Towards Streaming Target Speaker Extraction via Chunk-wise Interleaved Splicing of Autoregressive Language Model
Summary: arXiv:2604.19635v1 Announce Type: cross
In recent years, generative models have made significant strides in the field of Target Speaker Extraction (TSE), setting new benchmarks that were previously unattainable. However, the intrinsic reliance of these models on global context presents substantial challenges for deployment in real-time applications.
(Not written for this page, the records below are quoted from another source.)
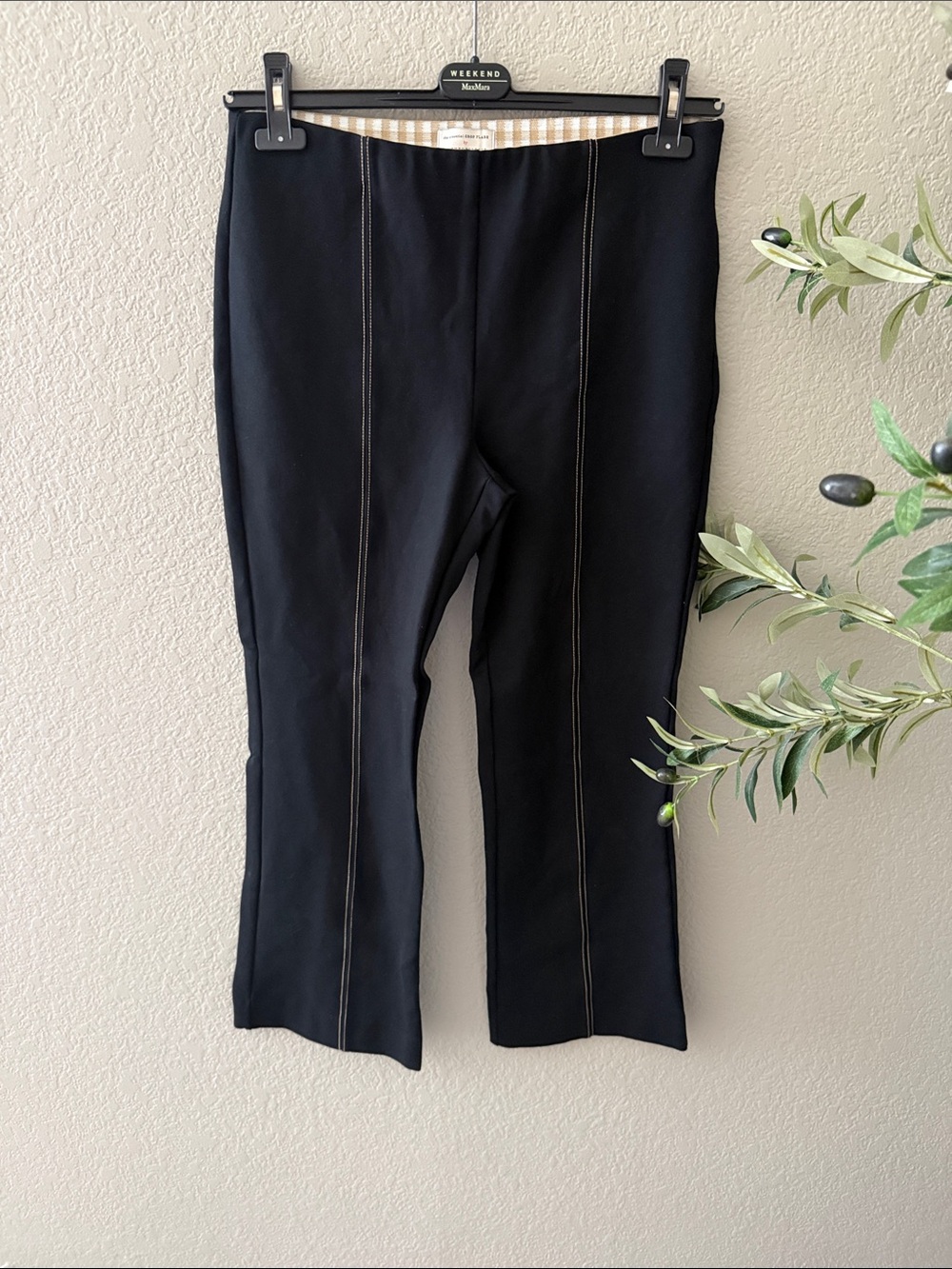 Anthropologie Essential Crop Flare Pants Black Size M - Picture 5 of 8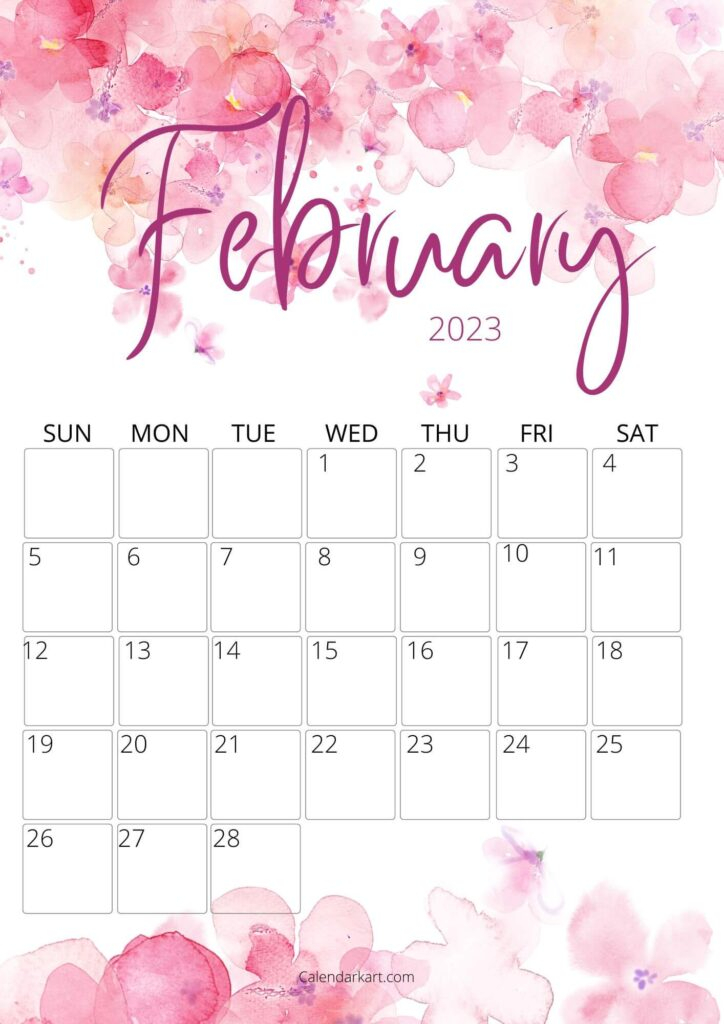 Free Cute Printable February 2023 Calendar CalendarKart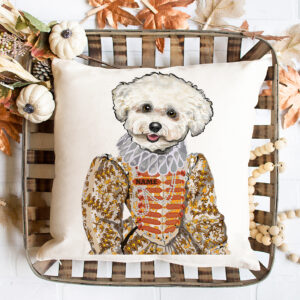 Personalised Bichon Frise Vintage Dog Cushion Cover VDC03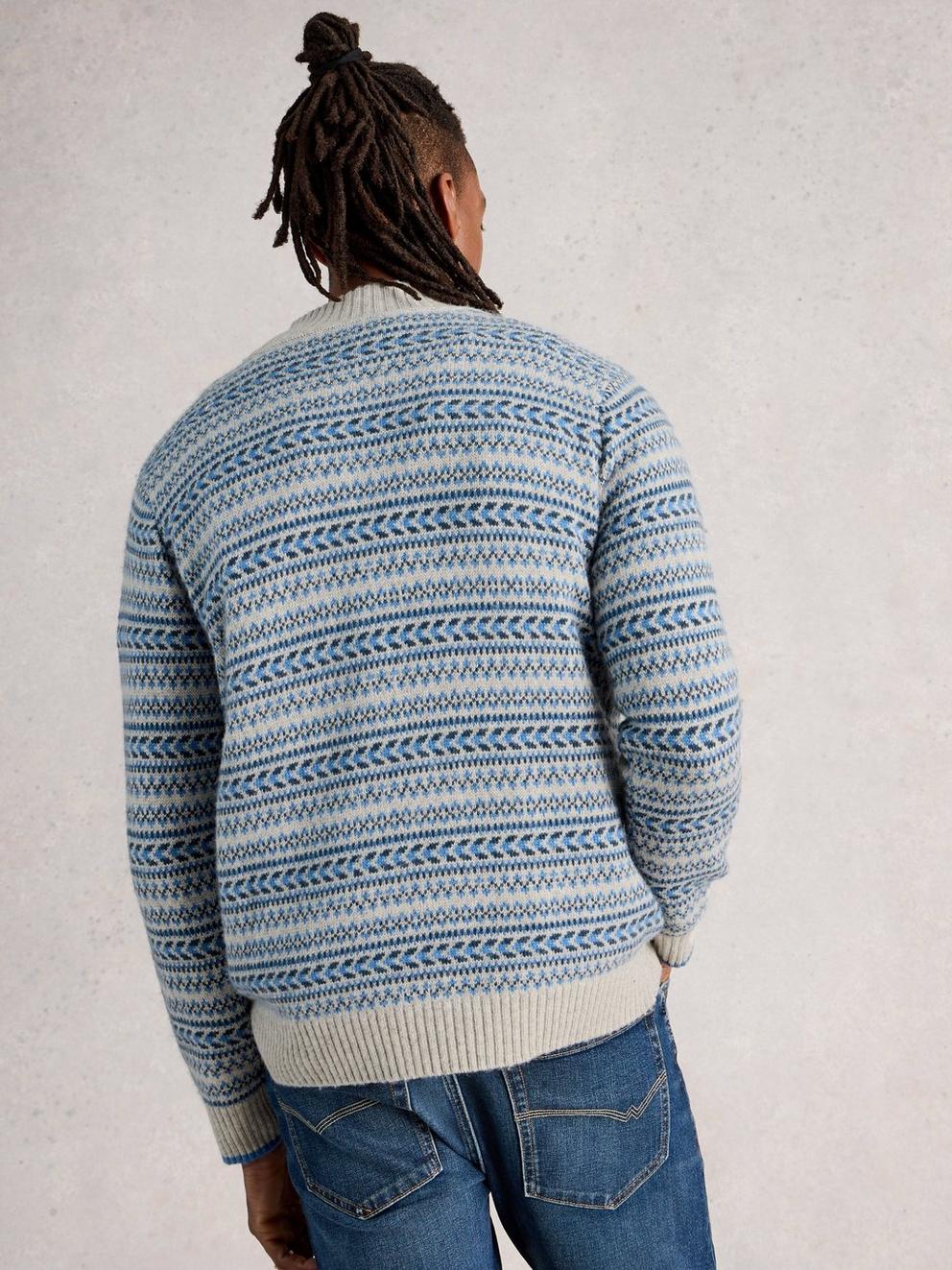 Kendal Fairisle Funnel Neck in GREY MLT - MODEL BACK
When adapted directly to streaming scenarios, these models often suffer from catastrophic inference performance degradation, primarily due to a significant mismatch between the conditions present during training and those encountered during streaming inference.
To address this critical gap in the application of autoregressive (AR) models for TSE, researchers have introduced a novel approach specifically designed for streaming environments. This groundbreaking method is encapsulated in the Chunk-wise Interleaved Splicing Paradigm, which enables efficient and stable streaming inference.
Key Innovations
- Chunk-wise Interleaved Splicing Paradigm: This paradigm facilitates the processing of speech in manageable chunks, allowing for smoother transitions and maintaining coherence across segments.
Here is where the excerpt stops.